=== Begin Enclosure ===

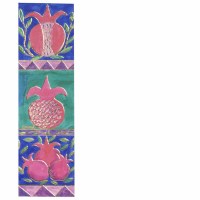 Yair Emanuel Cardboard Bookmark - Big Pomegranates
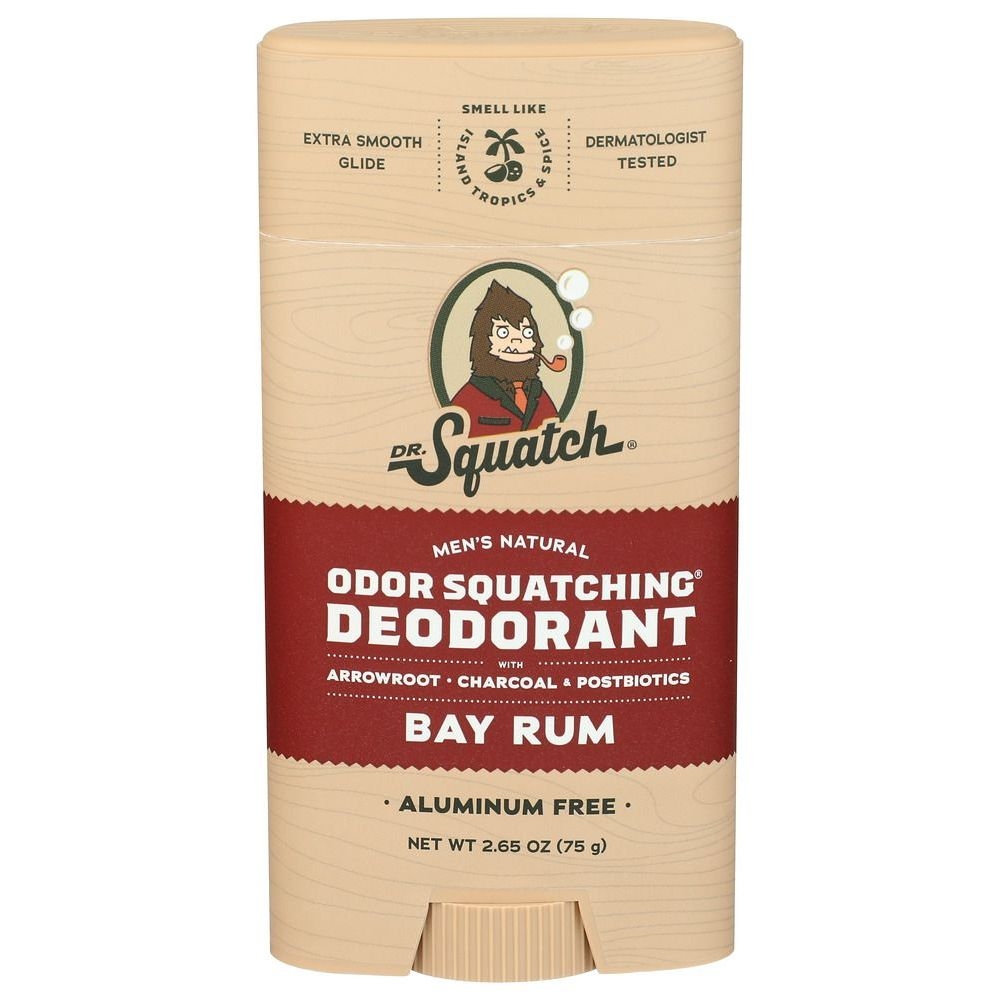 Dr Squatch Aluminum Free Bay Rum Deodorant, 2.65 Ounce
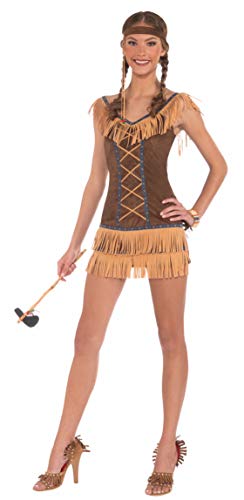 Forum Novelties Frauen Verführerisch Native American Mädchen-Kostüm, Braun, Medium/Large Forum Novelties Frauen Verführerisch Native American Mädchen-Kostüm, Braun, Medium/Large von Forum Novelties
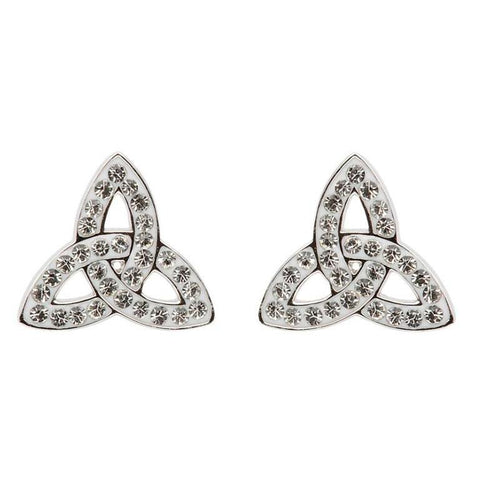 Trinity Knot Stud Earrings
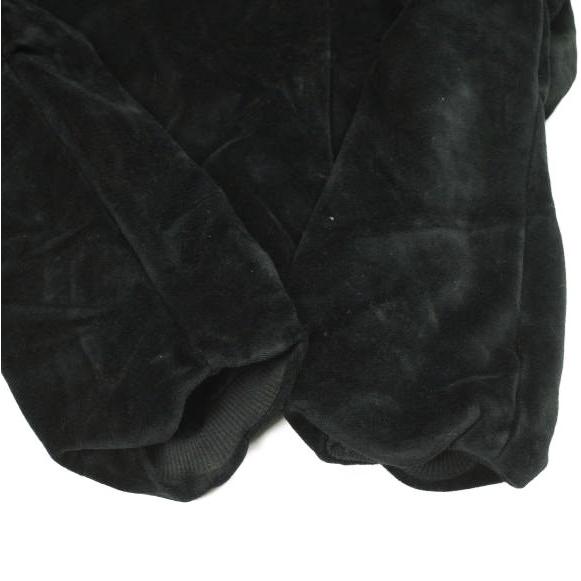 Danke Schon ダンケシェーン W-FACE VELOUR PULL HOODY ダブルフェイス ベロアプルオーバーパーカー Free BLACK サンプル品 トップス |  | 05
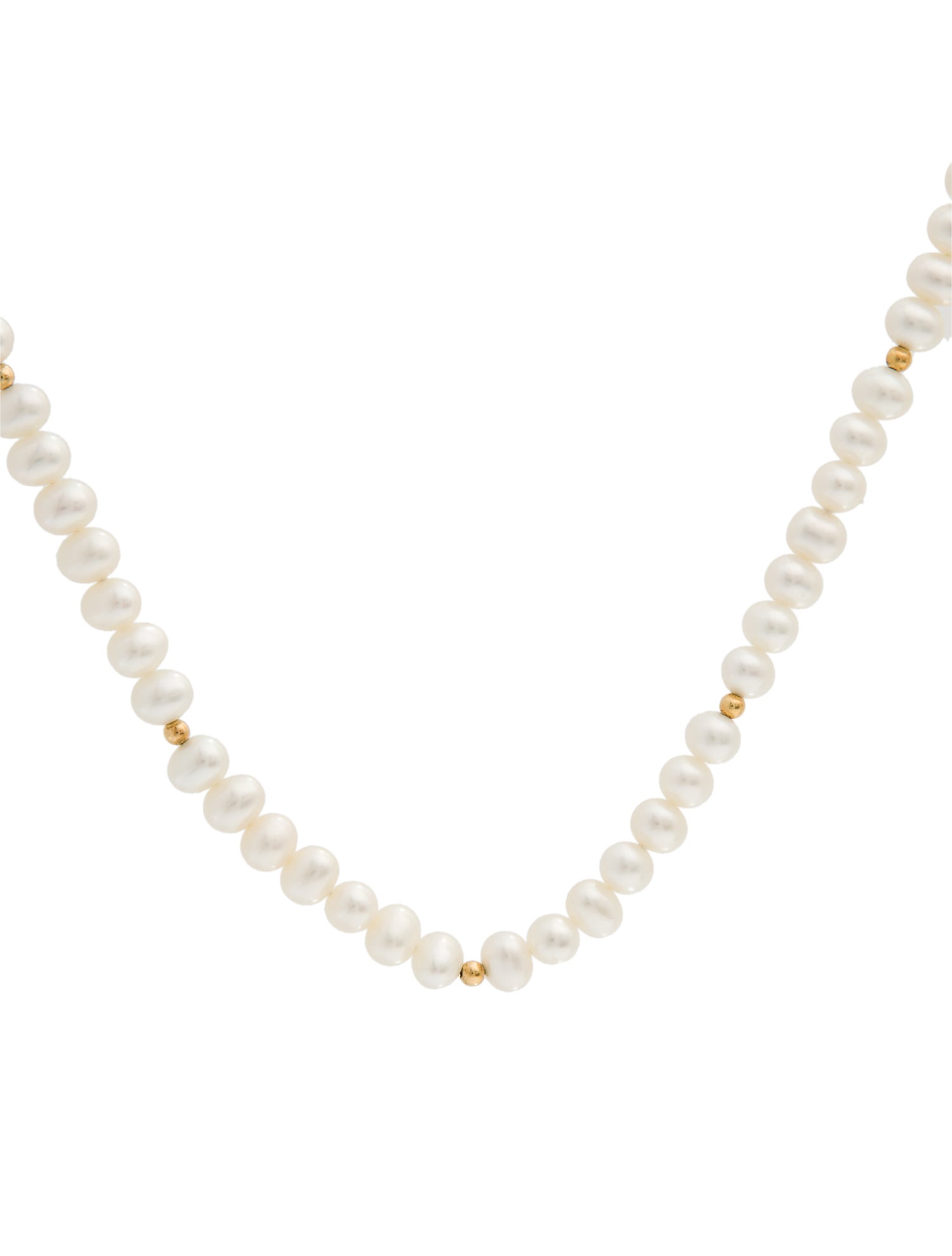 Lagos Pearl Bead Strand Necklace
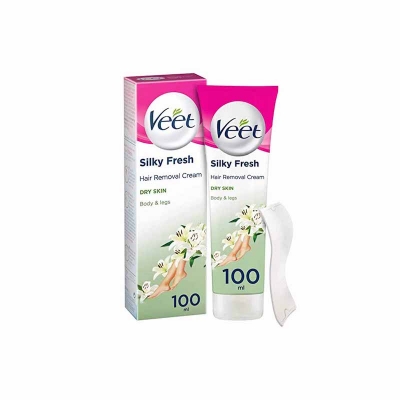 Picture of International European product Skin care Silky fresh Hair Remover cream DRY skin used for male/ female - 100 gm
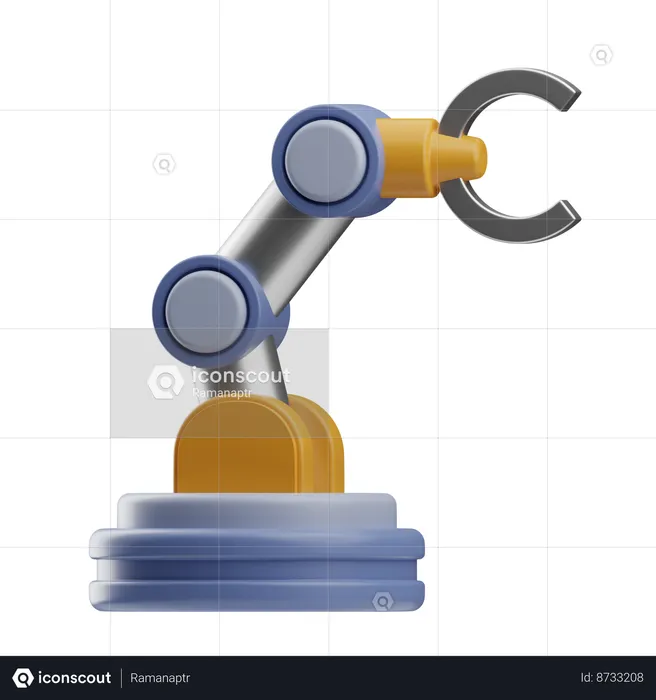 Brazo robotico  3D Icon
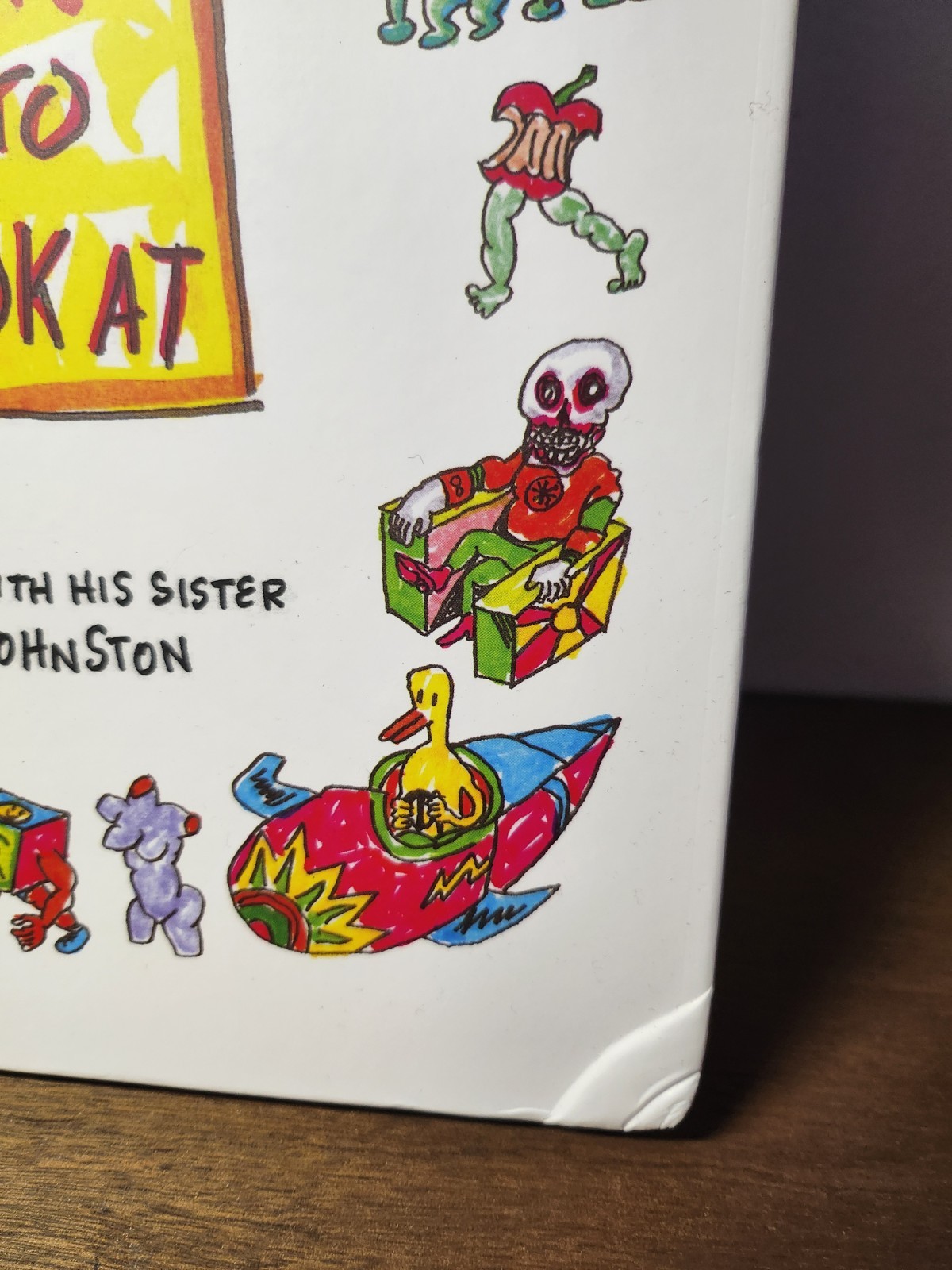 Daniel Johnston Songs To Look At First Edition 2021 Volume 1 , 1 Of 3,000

=== End Enclosure ===

▸ **EXERCISE OBJECTIVE**
Print all the lines above again exactly, without any pictures.

▸ **OUTPUT**
 Yair Emanuel Cardboard Bookmark - Big Pomegranates
 Dr Squatch Aluminum Free Bay Rum Deodorant, 2.65 Ounce
 Forum Novelties Frauen Verführerisch Native American Mädchen-Kostüm, Braun, Medium/Large Forum Novelties Frauen Verführerisch Native American Mädchen-Kostüm, Braun, Medium/Large von Forum Novelties
 Trinity Knot Stud Earrings
 Danke Schon ダンケシェーン W-FACE VELOUR PULL HOODY ダブルフェイス ベロアプルオーバーパーカー Free BLACK サンプル品 トップス |  | 05
 Lagos Pearl Bead Strand Necklace
 Picture of International European product Skin care Silky fresh Hair Remover cream DRY skin used for male/ female - 100 gm
 Brazo robotico  3D Icon
 Daniel Johnston Songs To Look At First Edition 2021 Volume 1 , 1 Of 3,000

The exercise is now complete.